Exercise brief -
Working from the data below, write out exactly the lines from its first through the line that contains "Modern living room", both ends included and pictures omitted.

START Data excerpts

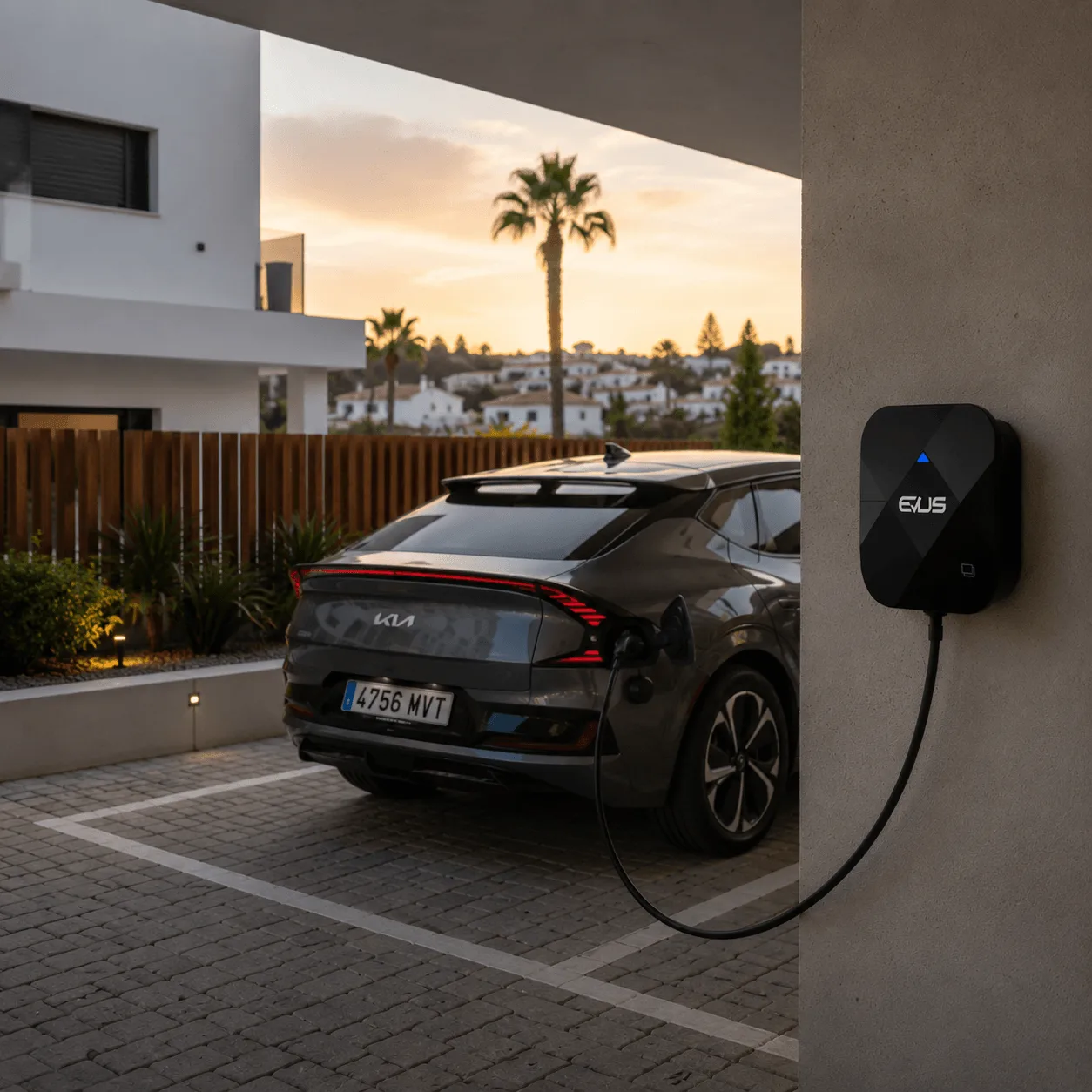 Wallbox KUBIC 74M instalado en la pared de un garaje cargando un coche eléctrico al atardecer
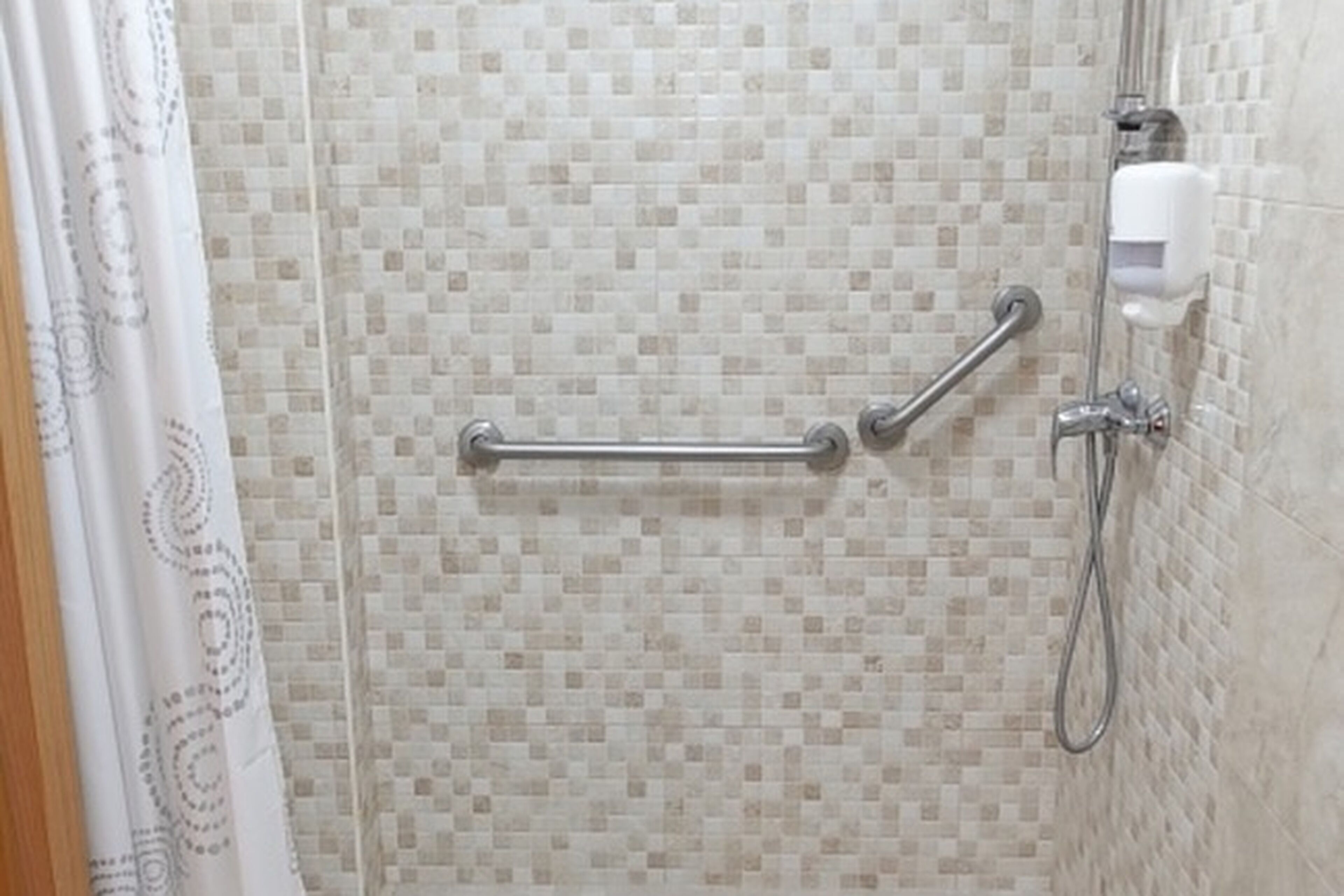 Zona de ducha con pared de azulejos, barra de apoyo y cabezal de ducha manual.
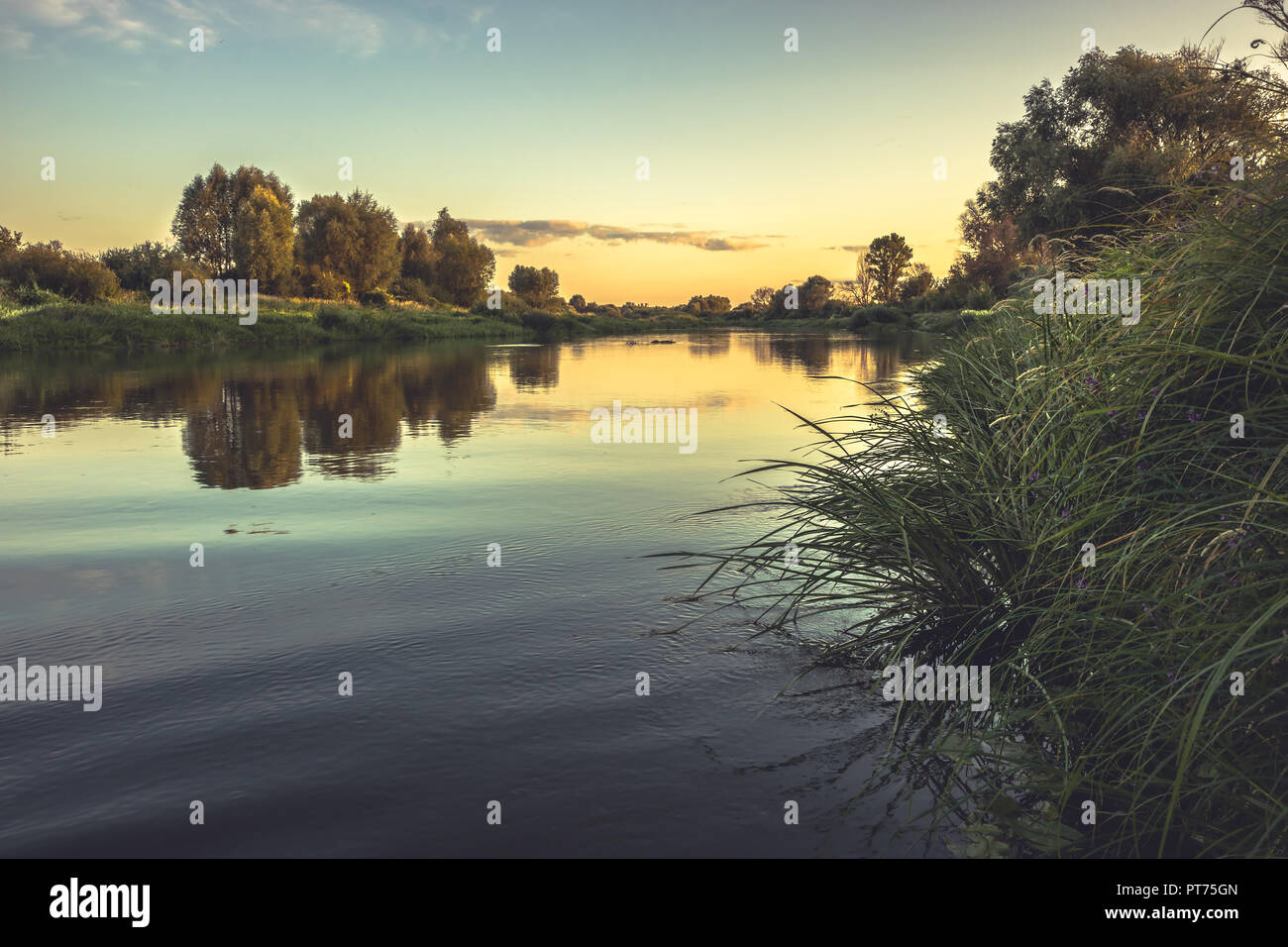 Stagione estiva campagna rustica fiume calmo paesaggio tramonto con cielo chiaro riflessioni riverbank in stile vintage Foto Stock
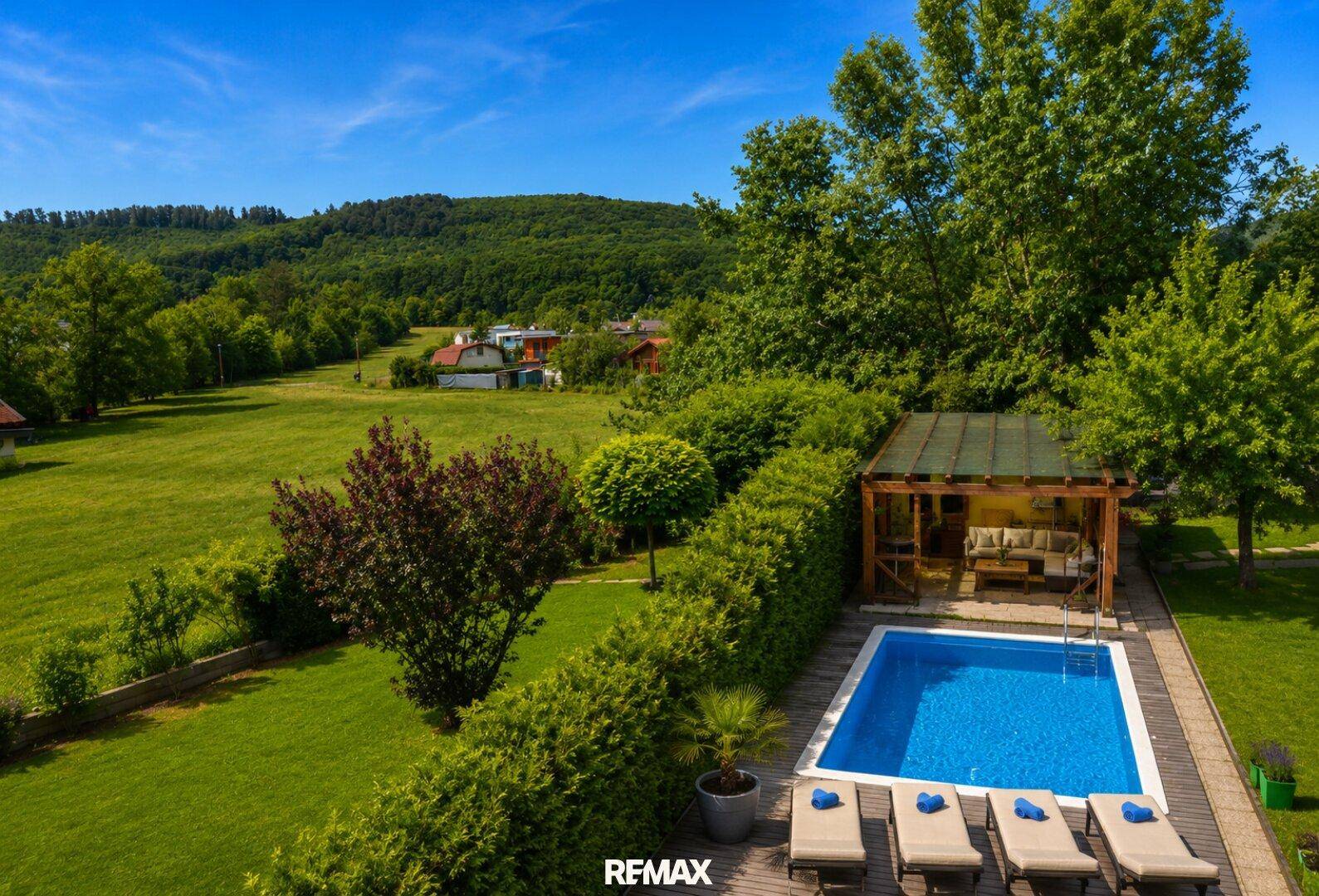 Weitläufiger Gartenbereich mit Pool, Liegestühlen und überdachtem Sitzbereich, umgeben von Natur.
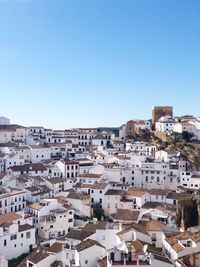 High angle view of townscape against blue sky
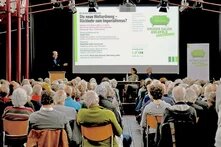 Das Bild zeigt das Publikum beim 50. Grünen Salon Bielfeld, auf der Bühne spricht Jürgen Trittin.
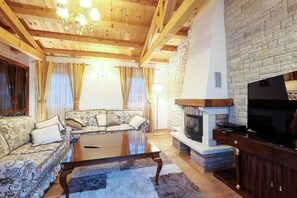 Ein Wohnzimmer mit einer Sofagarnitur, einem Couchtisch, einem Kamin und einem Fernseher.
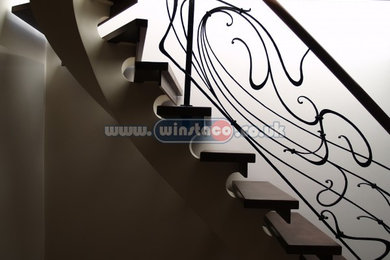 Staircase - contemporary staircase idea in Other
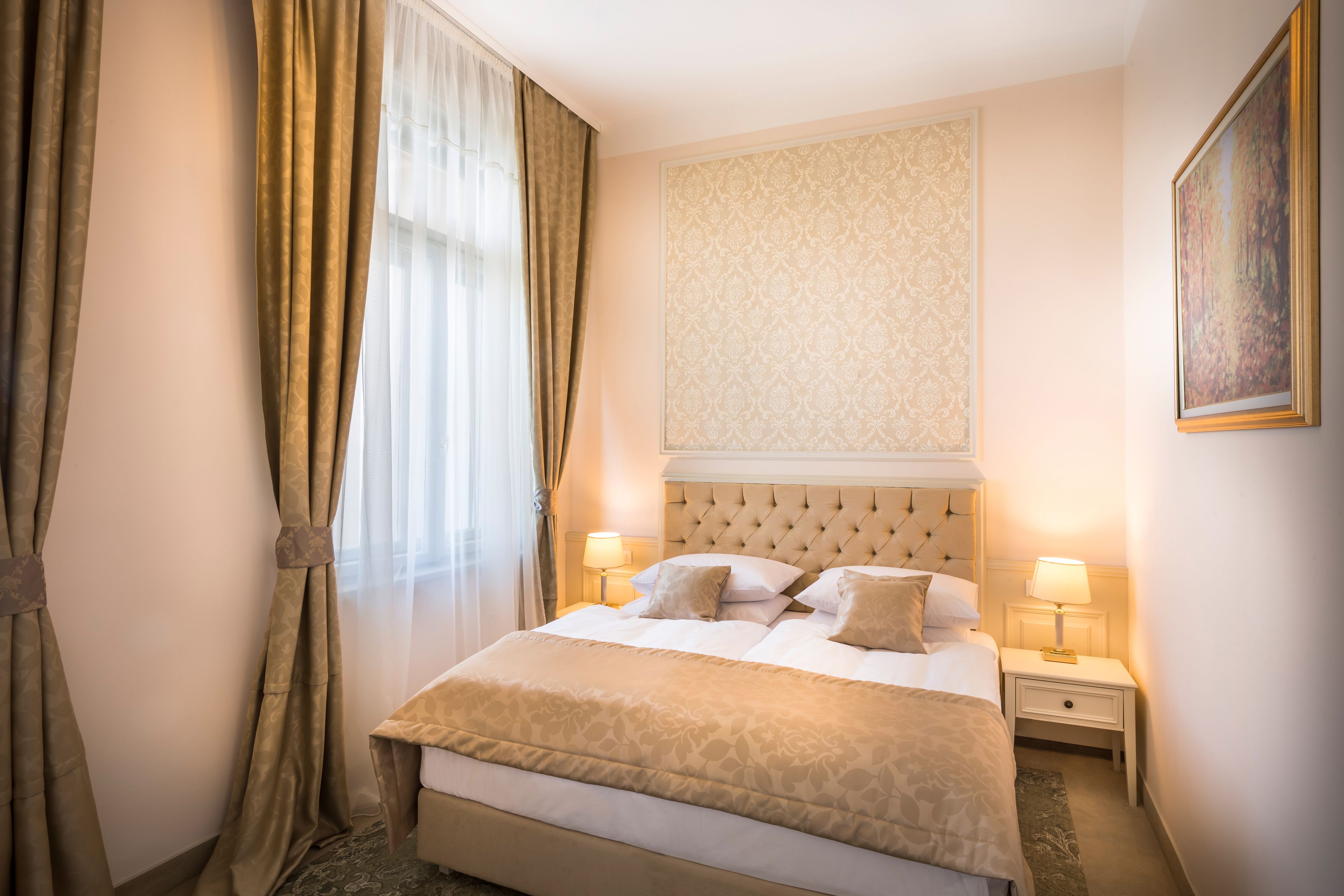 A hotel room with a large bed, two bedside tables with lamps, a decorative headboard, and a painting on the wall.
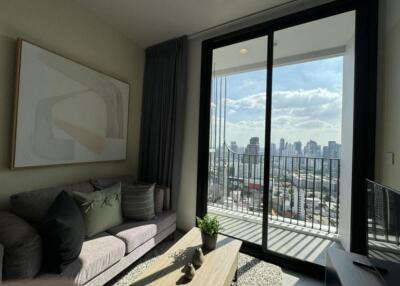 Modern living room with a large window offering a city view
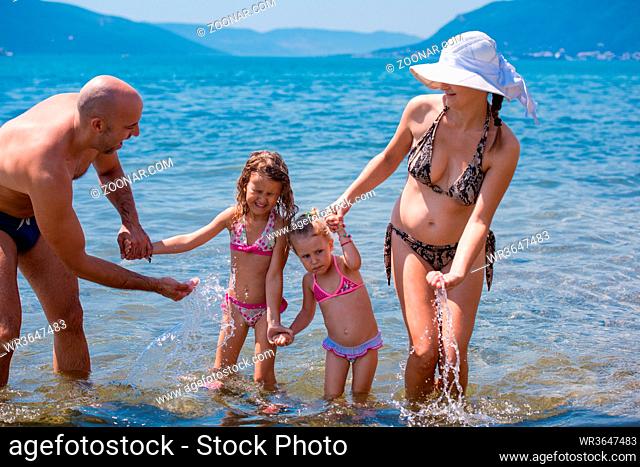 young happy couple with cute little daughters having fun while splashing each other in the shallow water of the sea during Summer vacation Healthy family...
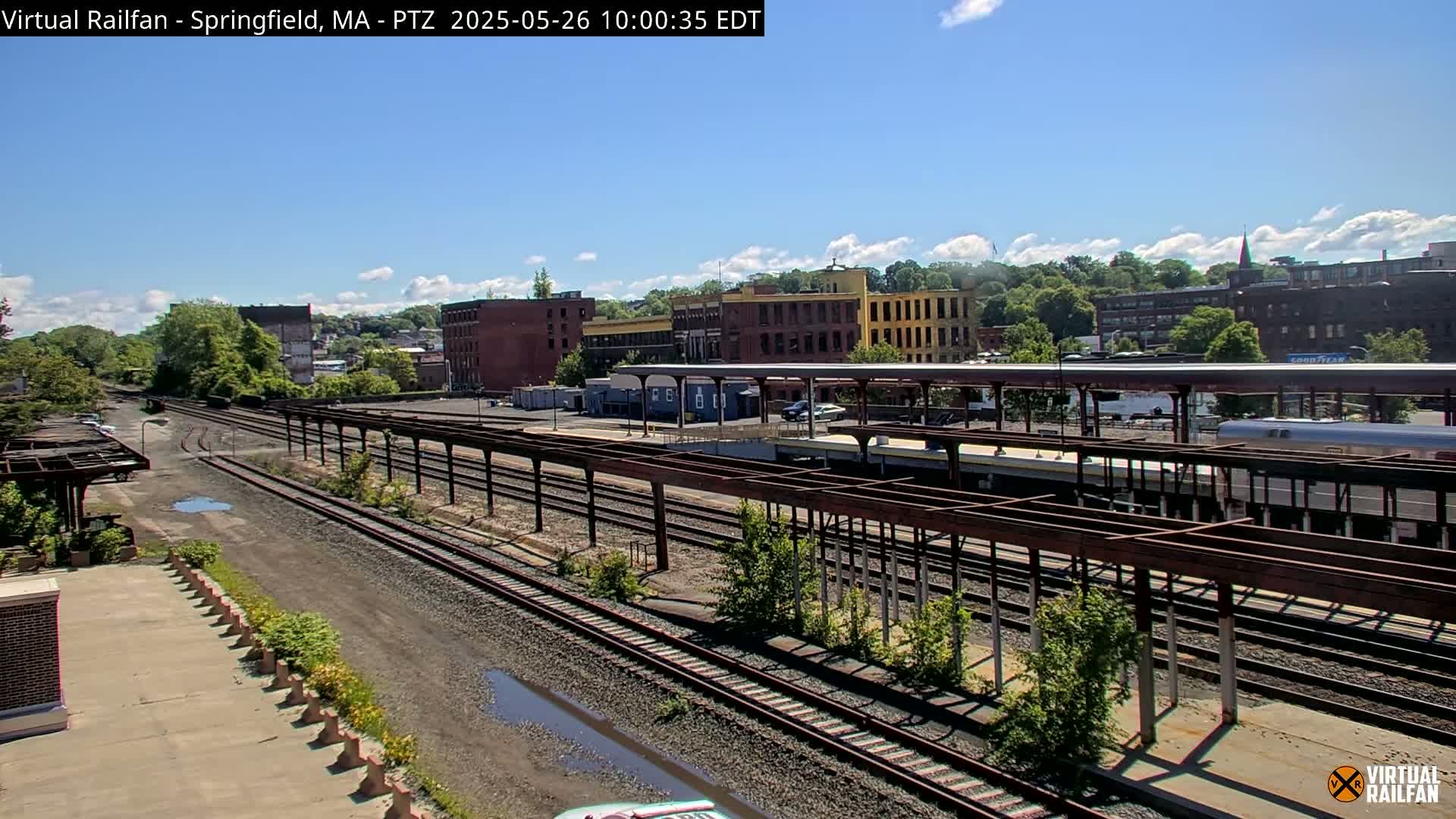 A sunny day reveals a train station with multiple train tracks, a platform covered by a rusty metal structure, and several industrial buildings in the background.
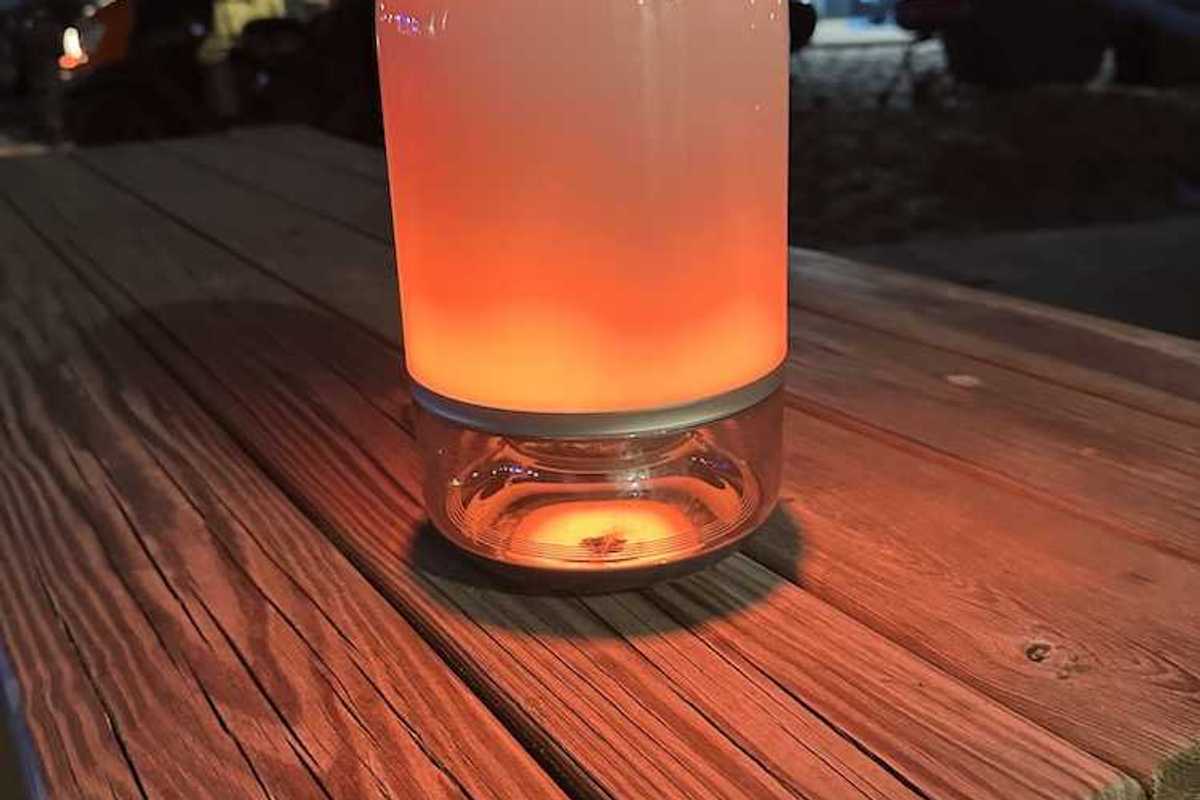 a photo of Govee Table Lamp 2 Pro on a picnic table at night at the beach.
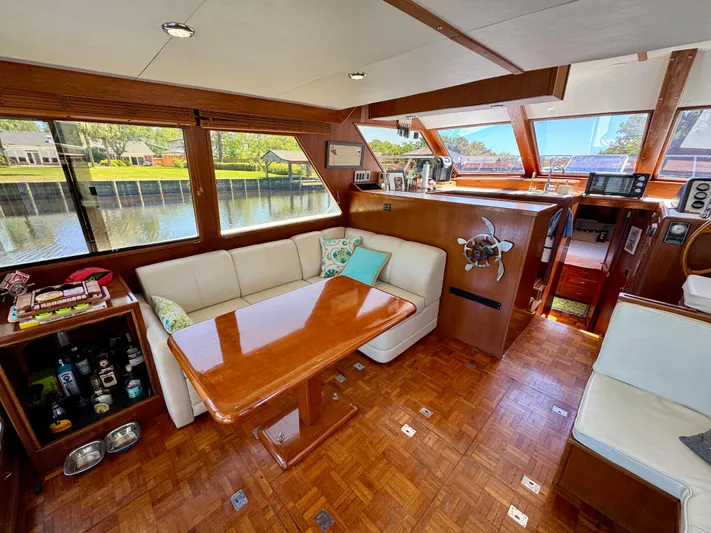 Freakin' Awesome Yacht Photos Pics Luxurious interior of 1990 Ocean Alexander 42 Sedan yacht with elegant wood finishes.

END Data excerpts

Solution to the exercise -
 Wallbox KUBIC 74M instalado en la pared de un garaje cargando un coche eléctrico al atardecer
 Zona de ducha con pared de azulejos, barra de apoyo y cabezal de ducha manual.
 Stagione estiva campagna rustica fiume calmo paesaggio tramonto con cielo chiaro riflessioni riverbank in stile vintage Foto Stock
 Weitläufiger Gartenbereich mit Pool, Liegestühlen und überdachtem Sitzbereich, umgeben von Natur.
 High angle view of townscape against blue sky
 Das Bild zeigt das Publikum beim 50. Grünen Salon Bielfeld, auf der Bühne spricht Jürgen Trittin.
 Ein Wohnzimmer mit einer Sofagarnitur, einem Couchtisch, einem Kamin und einem Fernseher.
 Staircase - contemporary staircase idea in Other
 A hotel room with a large bed, two bedside tables with lamps, a decorative headboard, and a painting on the wall.
 Modern living room with a large window offering a city view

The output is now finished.